# Head board, bed frame and night tables



## OverReaching11 (Sep 1, 2013)

Eventually I'd like to make the entire set pictured above for myself. I'd like to start with the headboard and then move on to the frame and night tables.

I have little to no experience woodworking and access to a fair amount of woodworking tools. I'd rather take my time, learn the proper skills and do this project right then just go for it and do a lousy job sooner.

Right now I've got a few questions about the headboard.

1. What's your suggestion on the best way to put it together? (one piece of wood that's routed, several pieces put together, etc?)

2. What kind of tools do you think will be absolutely essential to the assembly method you've suggested?

3. What type of wood would you suggest? (maple, pine etc but also ply board or solid piece)

I apologize if my questions seem ignorant, that's just kind of where I'm at with woodworking right now. I suppose I need to start somewhere though. Maybe a fourth question would be:

4. Are there any other projects you would suggest I tackle first to better prepare myself for this one?

and:

5. Any other tips or pieces of advice on how I should proceed with this project or my journey into woodworking in general?


Thanks very much for your time


----------



## chopnhack (Dec 16, 2007)

Kudos for thinking big! I would suggest that before you tackle a job of this size that you might want to brush up on the basics. Are you able to cut to a line with a hand saw or circular saw? Are you able to mark and measure accurately? This may sound rudimentary, but unless you are able to perform these basics, you will not be able to accomplish any project. 

Not assuming this, I would measure the headboard or get the specs, because just looking at it, to me it appears to be over 8' long so two sheets of plywood stacked on top of each other with lines routed out will not work unless you have access to a specialty supplier that has longer panels. If you don't mind not reproducing 100% then this is the method I would use. The panels could be mated and braced from behind with some 1x3 or even 2x4 or at each corner behind the panels so that they are not in view with a wooden post.

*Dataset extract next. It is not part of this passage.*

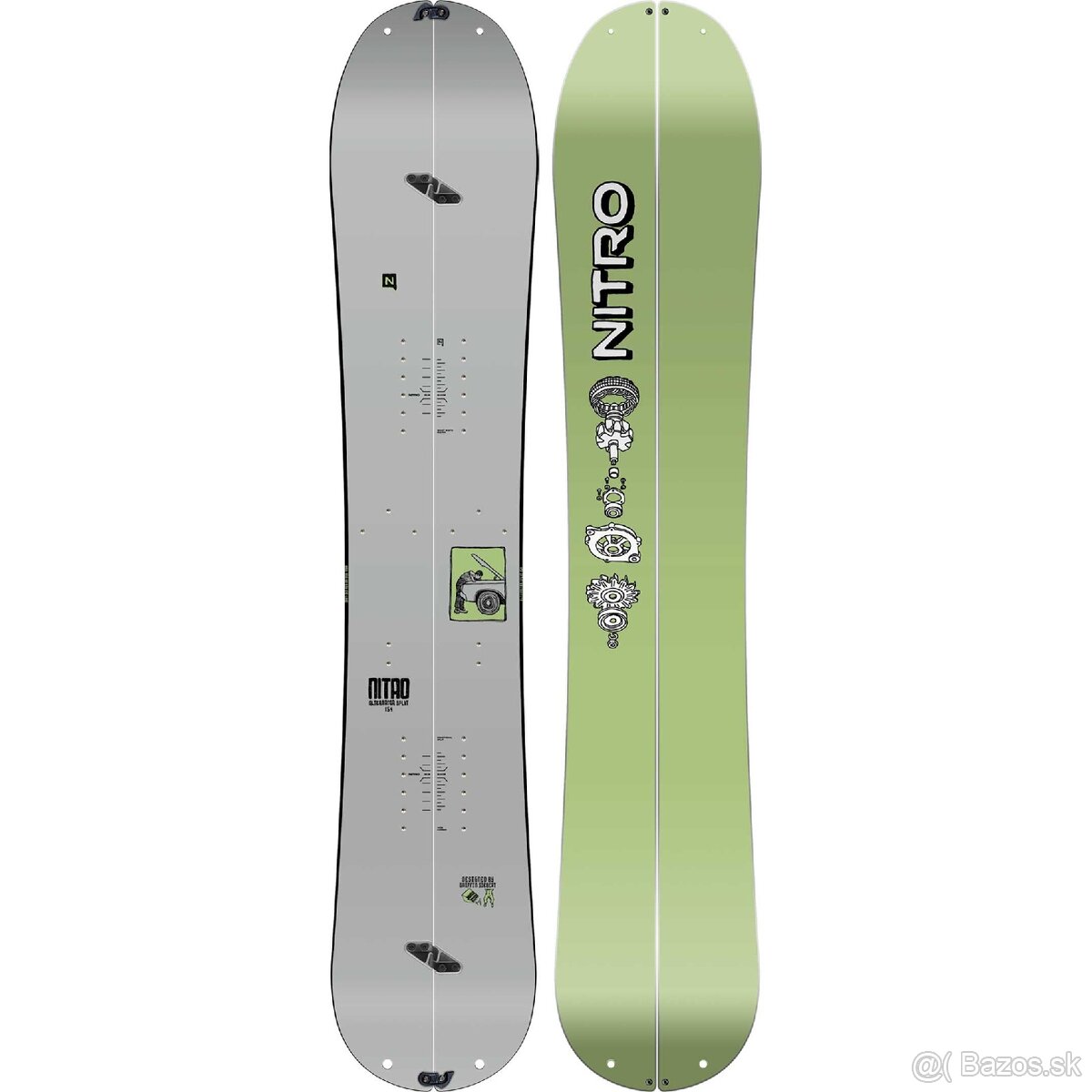 Profesionálny splitboardový komplet Nitro Alternator - 2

The end tables look like they are just simple U shaped tables, nothing more than butt joints could get it done. 

The bed seems to be a simple low platform bed, 4 short chunky posts with dado's across one or two faces to allow rails to pass horizontally, the rails in my opinion could be 2x6 or similar width with a rabbet on the top edge to capture the large platform that will sit on top, which can be nothing more than plywood panels. These of course will have to be supported by a grid of stringers that attach to the left and right rail if you view the piece head on.

As for wood, use what you have access to. I say this because ultimately if you have little or no experience, your best solution would be to paint the piece. Of course you could save yourself some time and make the whole thing out of Gaboon Ebony :laughing: just kidding.

A router and circular saw with associated straight line guides would be necessary. 

As for advice, read as much as you can. Tackle smaller projects that will teach you the basics first. Go to a woodworking class if you can.
Enjoy ;-)


----------



## woodnthings (Jan 24, 2009)

*agree with the approach to basics*

You can think of the project being made from separate modules that get joined together. The frame would have at least 4 separate pieces, the headboard might have 4 pieces as well depending on the height and length, and the night stands would be separate and attached or sitting on top of the frame. It's a cool contemporary design in my opinion and I like the black finish.

Working drawings with dimension will be necessary for one. :smile:

A draftsmans' T square and some white butcher paper OR some cheap 1/4" plywood with a smooth surface.

Your "access" to other tools needs to be specified ....which tools?
How much working space is available for this big project. Final assembly can be at the site but a dry fit prior would be best.


----------